=== Section Start ===
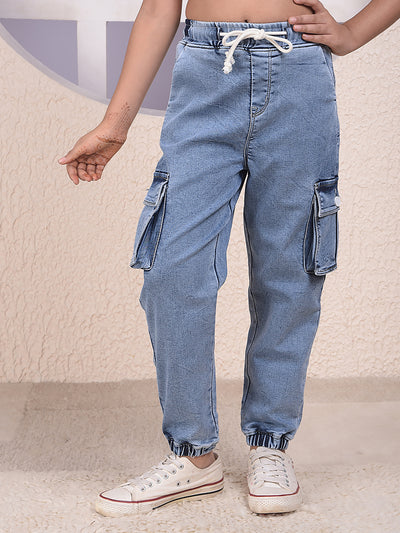 Blue Denim Cargo Joggers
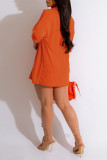 Tangerine Red Sexy Street Solid Patchwork Turndown Collar Half Sleeve Two Pieces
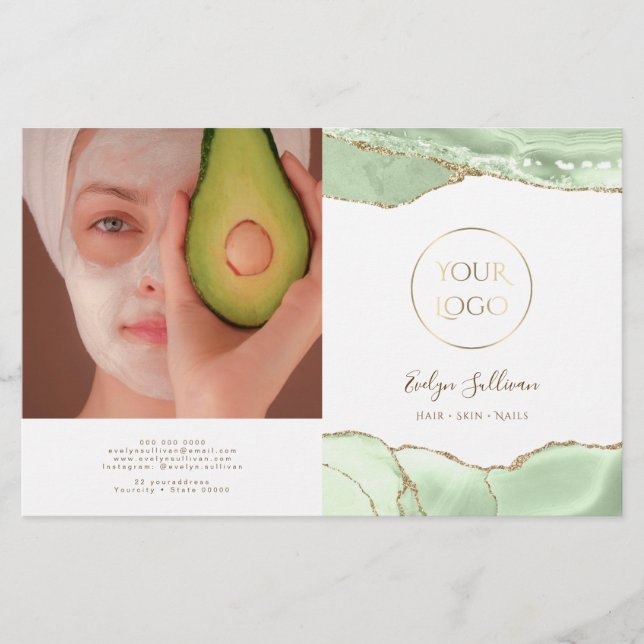 Jade grönt agate bifold brochure (Framsida)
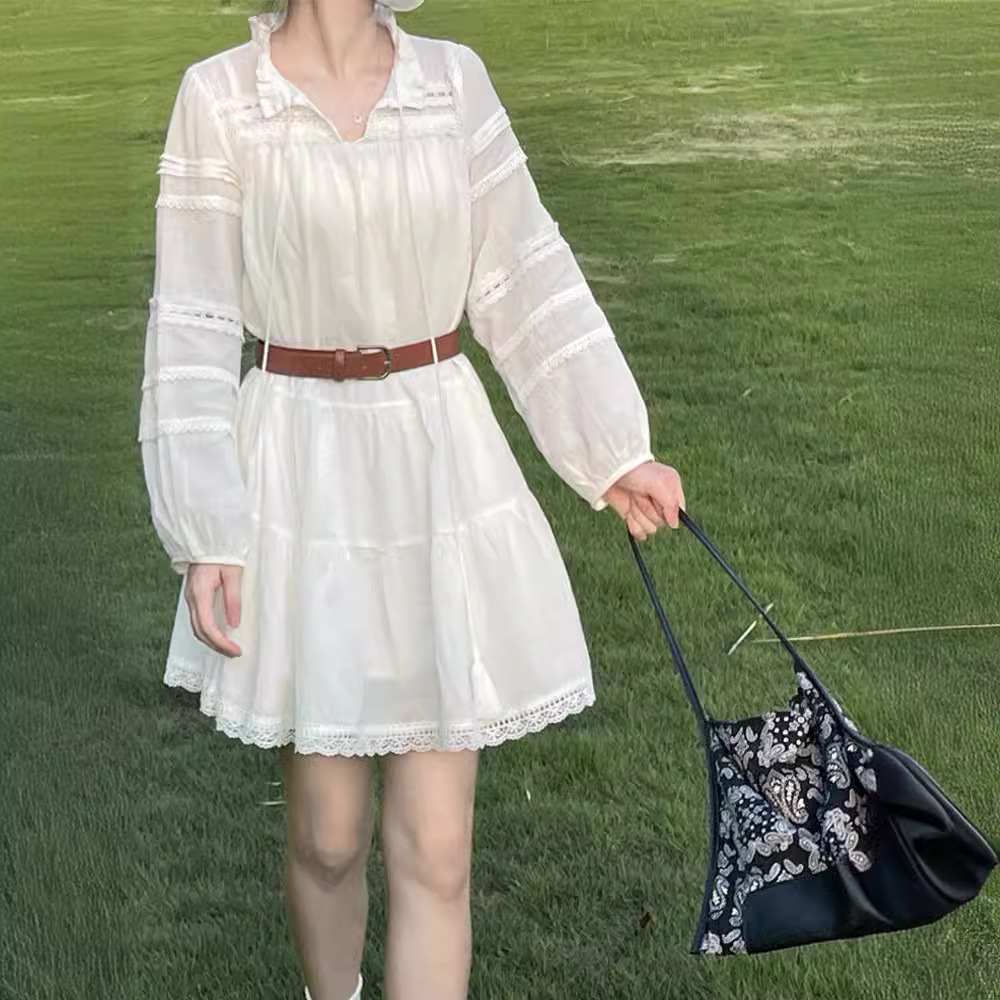 Korean Style White Lace Cutout Dress for Women 2026 Spring and Summer New Design Waist-Cinching Long-Sleeved Doll Princess Dress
=== Section End ===
> **What you have to do**
Reproduce the whole listing word for word, setting aside any pictures.

> **Your solution**
 Blue Denim Cargo Joggers
 Tangerine Red Sexy Street Solid Patchwork Turndown Collar Half Sleeve Two Pieces
 Jade grönt agate bifold brochure (Framsida)
 Korean Style White Lace Cutout Dress for Women 2026 Spring and Summer New Design Waist-Cinching Long-Sleeved Doll Princess Dress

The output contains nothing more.